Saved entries
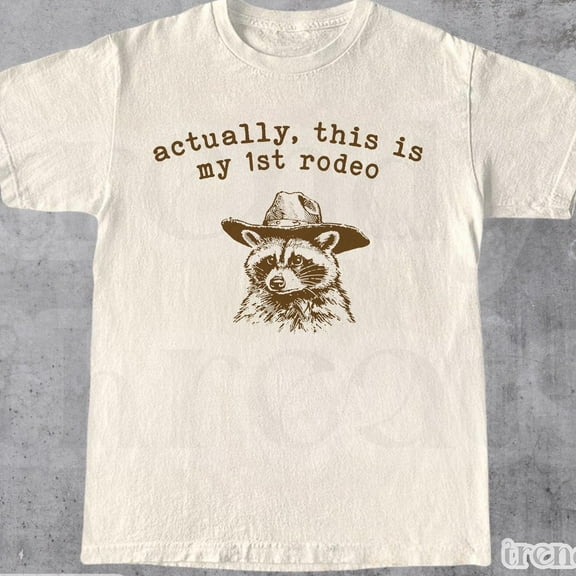 DOPASHIRT Actually, This Is My First Rodeo T-Shirt | Funny Western Graphic Tee | Animal Quote | Retro Shirt Unique Gift Idea | Unisex Shirt Unisex S-5XL Hot Trending Shirt, Vintage Birthday Gift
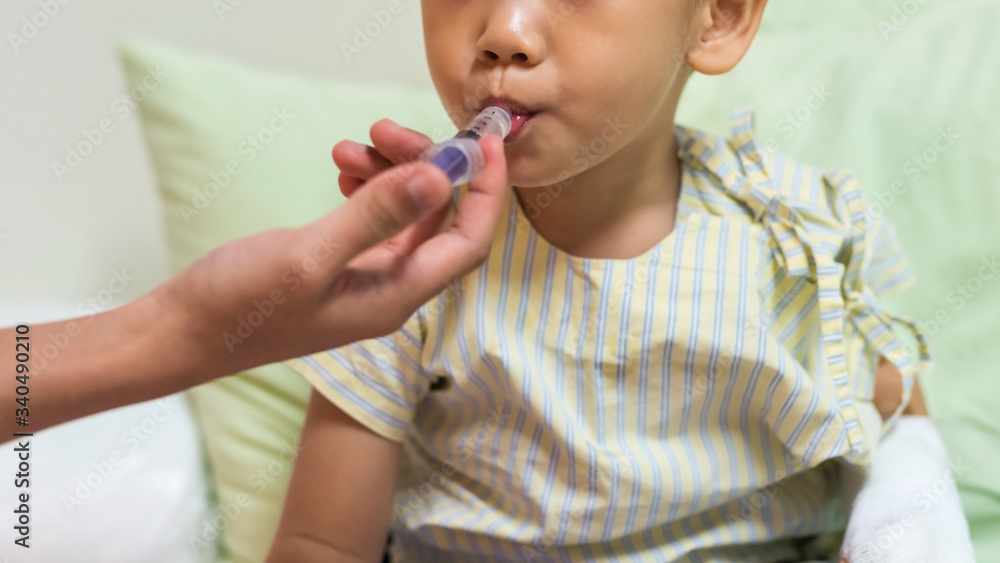 boy patient take medicine on syringe boy patient take medicine on syringe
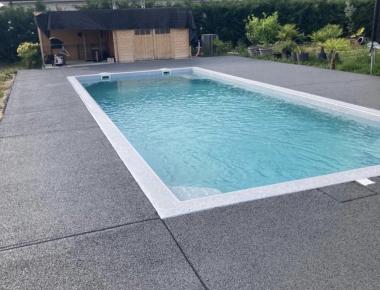 Terrasse de piscine en béton Hydromedia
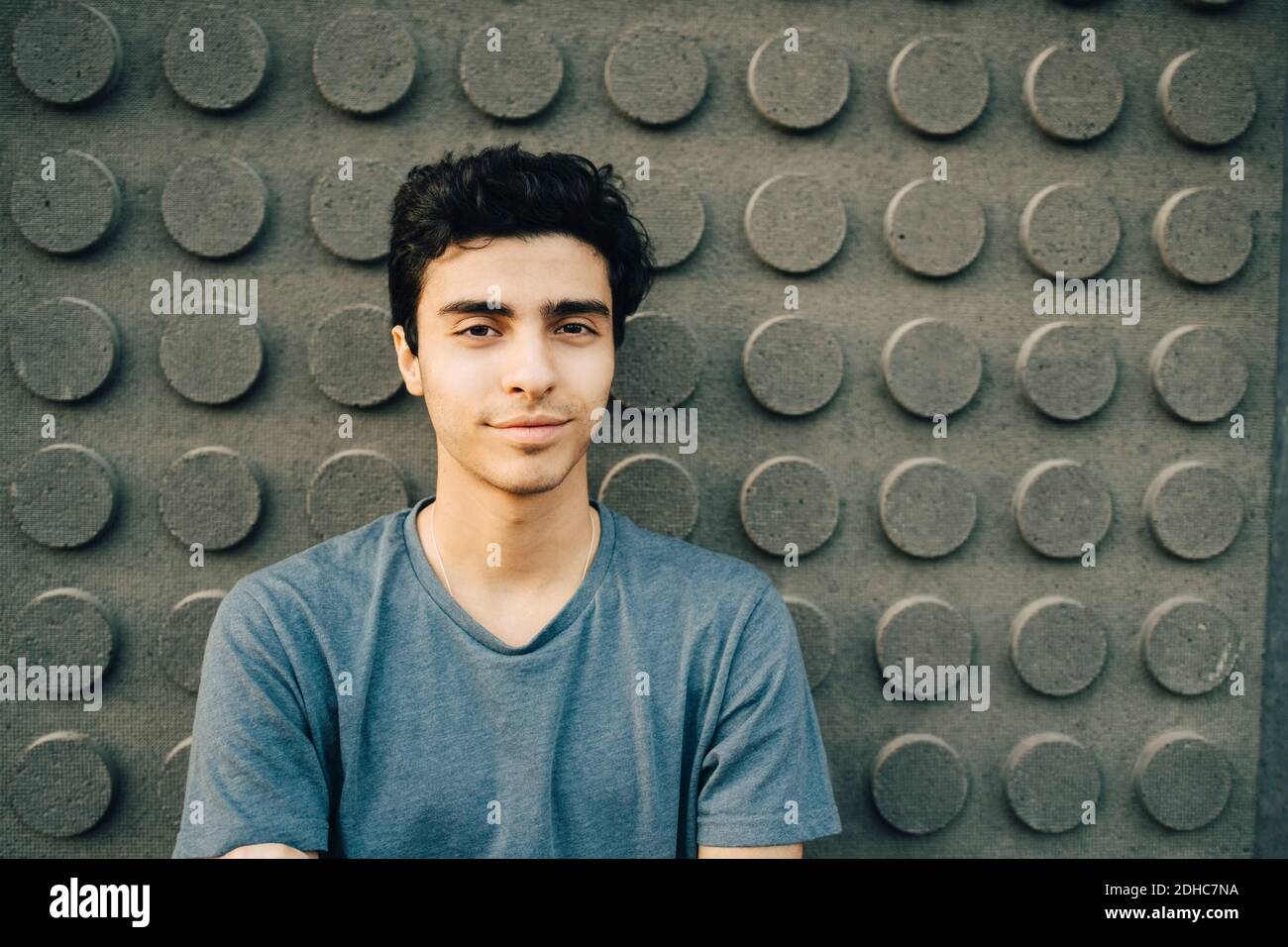 Portrait of confident young man standing against wall Stock Photo - Alamy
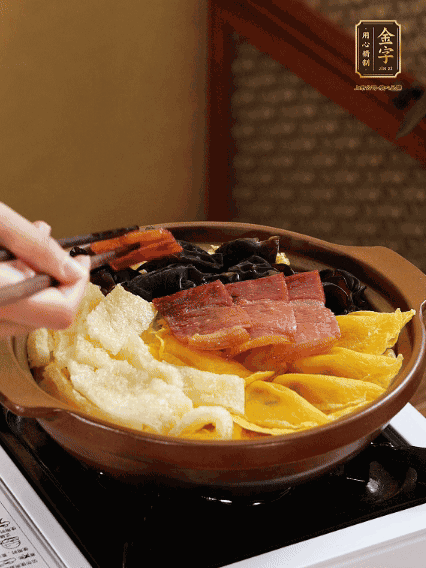 砂鍋底部鋪上娃娃菜，依次擺上肉皮、蛋餃、黑木耳、火腿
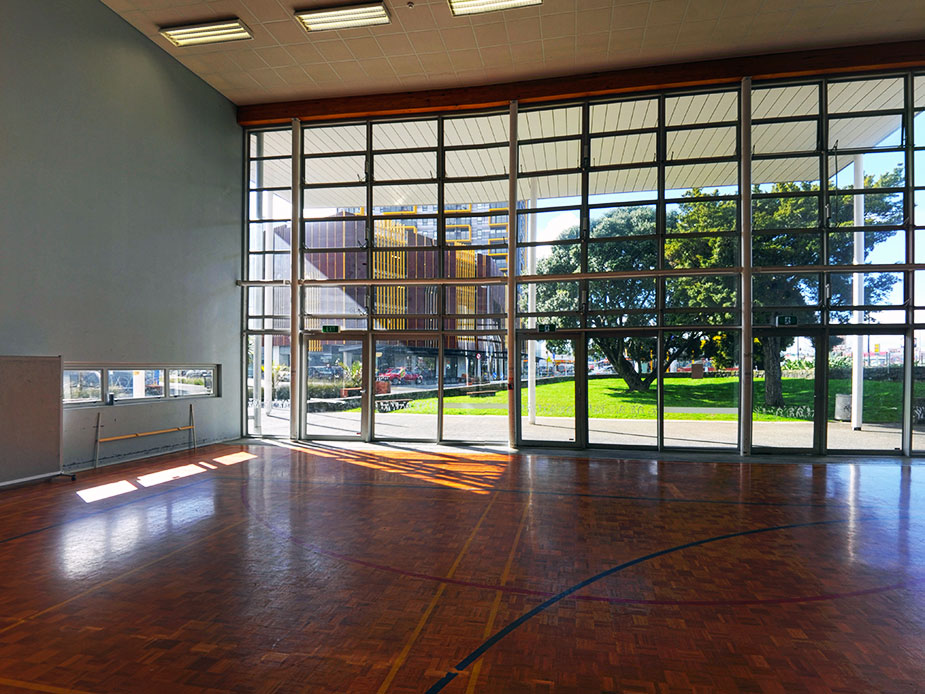 Sports hall interior with timber parquet floor and full-height glazed wall to outside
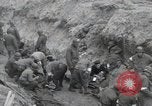 Image of Medics tend to wounded U.S. soldiers on beach Normandy France, 1944, second 11 stock footage video 65675022977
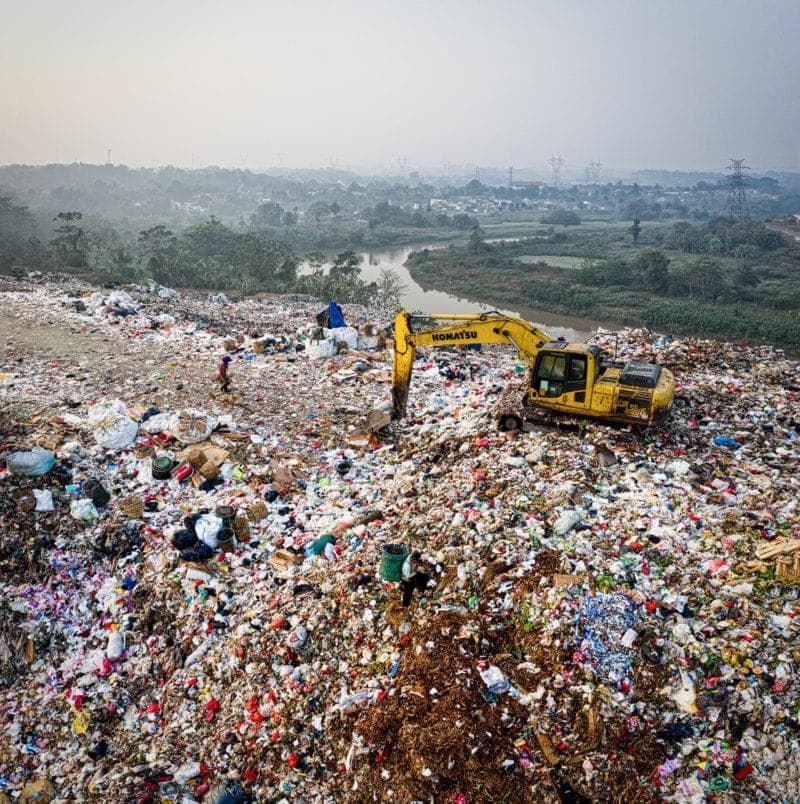 excavator pushing trash around in landfill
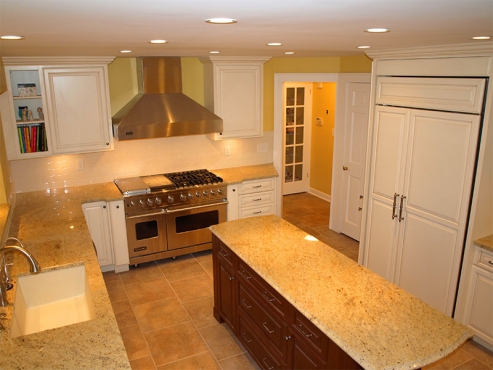 Whether preparing a meal or just discussing the days events, this dream kitchen will satisfy the whole family.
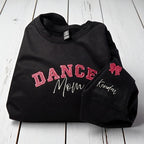 Black sweatshirt with 'DANCE Mom' text and a bow design on a wooden surface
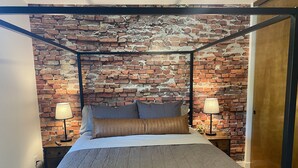 A bedroom with a brick wall, a four-poster bed, and two bedside lamps. - Arroyo Manor - Centrally Located (Redding)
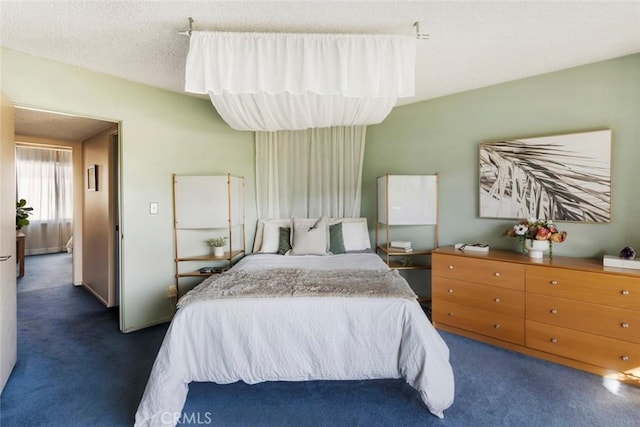 bedroom featuring dark carpet and a textured ceiling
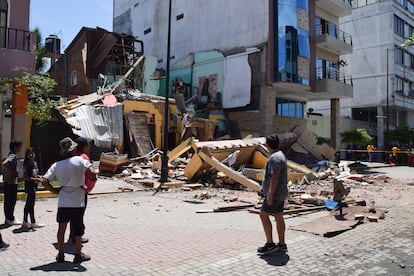 Al menos 13 personas han muerto este sábado como consecuencia de un seísmo de magnitud 6,5 registrado en la provincia de Guayas, en la costa de Ecuador. En la imagen, vecinos de la ciudad de Machala junto a un edificio que cayó durante el temblor. 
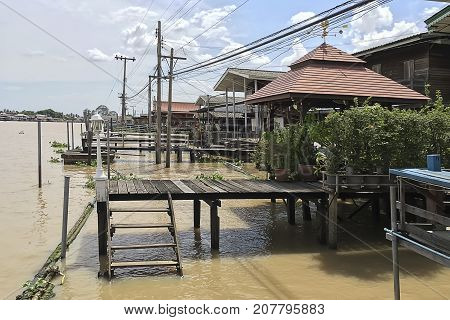 Outdoor view in summer of Exotic Thai Houses along the river in suburb area.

_HOW TO COMPLETE THIS TASK_:
Every entry above needs to be copied exactly, and no pictures go with it.

_FINISHED TASK_:
 DOPASHIRT Actually, This Is My First Rodeo T-Shirt | Funny Western Graphic Tee | Animal Quote | Retro Shirt Unique Gift Idea | Unisex Shirt Unisex S-5XL Hot Trending Shirt, Vintage Birthday Gift
 boy patient take medicine on syringe boy patient take medicine on syringe
 Terrasse de piscine en béton Hydromedia
 Portrait of confident young man standing against wall Stock Photo - Alamy
 砂鍋底部鋪上娃娃菜，依次擺上肉皮、蛋餃、黑木耳、火腿
 Sports hall interior with timber parquet floor and full-height glazed wall to outside
 Image of Medics tend to wounded U.S. soldiers on beach Normandy France, 1944, second 11 stock footage video 65675022977
 excavator pushing trash around in landfill
 Whether preparing a meal or just discussing the days events, this dream kitchen will satisfy the whole family.
 Black sweatshirt with 'DANCE Mom' text and a bow design on a wooden surface
 A bedroom with a brick wall, a four-poster bed, and two bedside lamps. - Arroyo Manor - Centrally Located (Redding)
 bedroom featuring dark carpet and a textured ceiling
 Al menos 13 personas han muerto este sábado como consecuencia de un seísmo de magnitud 6,5 registrado en la provincia de Guayas, en la costa de Ecuador. En la imagen, vecinos de la ciudad de Machala junto a un edificio que cayó durante el temblor. 
 Outdoor view in summer of Exotic Thai Houses along the river in suburb area.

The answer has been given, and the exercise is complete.